Sigur Ros announce new orchestral album (stream a track)
Not only did Jonsi just release a great new solo album (his first in 10 years), but Sigur Ros have now announced an orchestral album, Odin’s Raven Magic, which was made with the Schola Cantorum of Reykjavik and L’Orchestre des Laureats du Conservatoire national de Paris. It comes out December 4 via Krunk/Warner Classics. According to a press release, the album is "a collaboration between the band and Icelandic music legend Hilmar Örn Hilmarsson (who is also ordained ‘chief goði’ of the pagan Norse religion Ásatrúarfélagið), as well as Steindór Andersen, a fisherman and one of Iceland’s most respected chanters of traditional epic narrative." It was arranged by former Sigur Ros member Kjartan Sveinsson and Maria Huld Markan Sigfúsdóttir of the band amiina. More background via press release:
The work grew out of Hilmarsson’s long-standing fascination with one particular chapter of Iceland’s Medieval literary canon known as the Edda, entitled Hrafnagaldur Óðins, or Odin’s Raven Magic, named after the Norse god’s two ravens, that flew over the Earth to survey and bring information back to him. The poem recounts a banquet held by the gods, in which ominous signs foretell the end of the world of both gods and men. In 1867 the poem was judged to be a fake, but then in 2002, scholars re-ratified it as an official 14th century addition to the Edda.
Says Hilmarsson of the poem: “Hrafnagaldur Óðins has lots of interpretation and implications that fire up the imagination… It’s a very visual poem, with images all about falling down, and a world freezing from north to south. It was an apocalyptic warning. Perhaps the people of the time felt it in their skins. Today, of course, Iceland is involved in environmental issues surrounding hydro-electric power and the destruction of the highlands. We are being warned again.”

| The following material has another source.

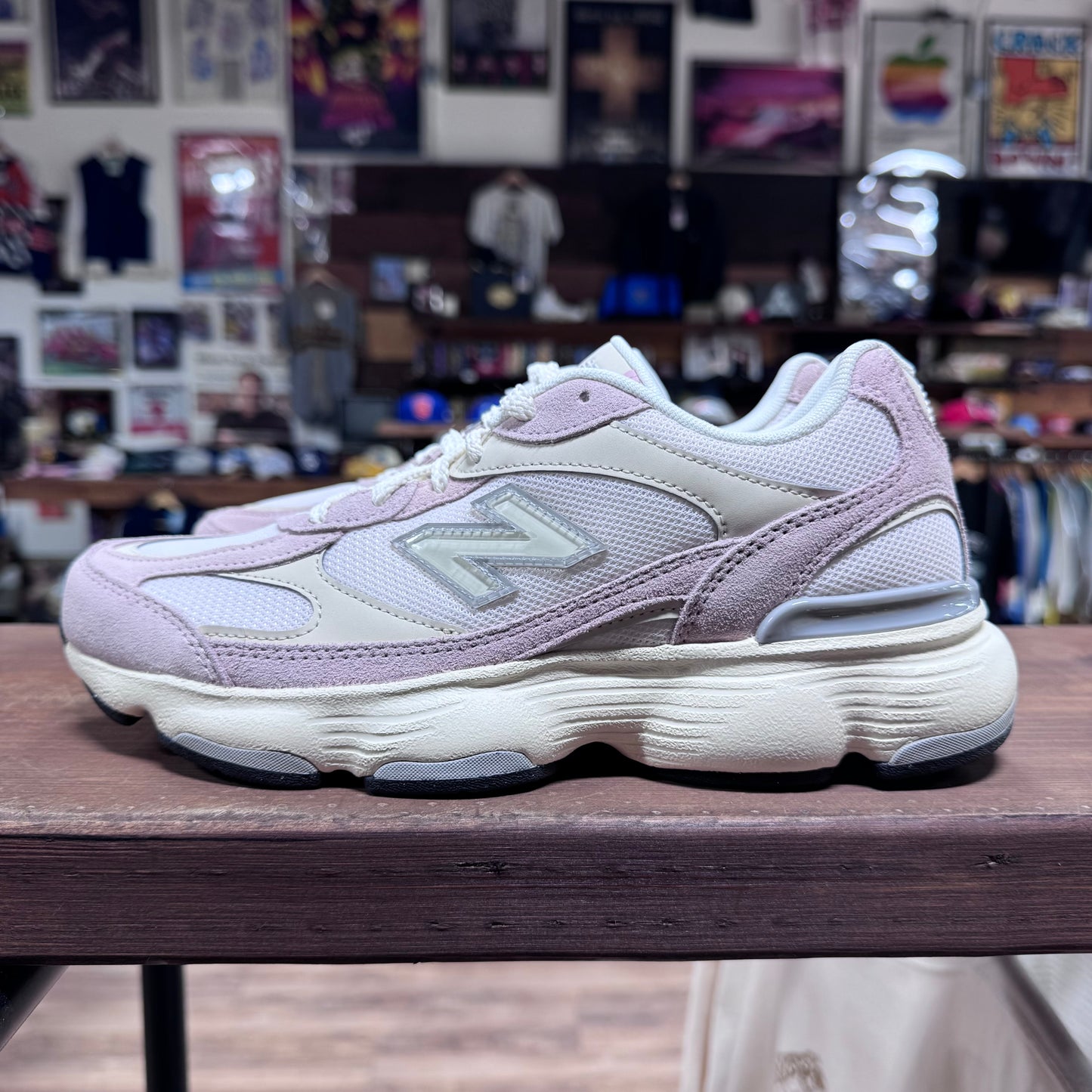 New Balance 603 'White Pink' Size 7.5W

Odin’s Raven Magic was conceived and first commissioned by the Reykjavik Arts Festival in 2002 and performed only a handful of times that year. It has since become part of Sigur Rós’ own mythology, existing only in snippets found online by fans. This definitive release, taken from a live recording of the 70-minute score from Paris’ La Grande Halle de la Villette, finally brings this important work to light.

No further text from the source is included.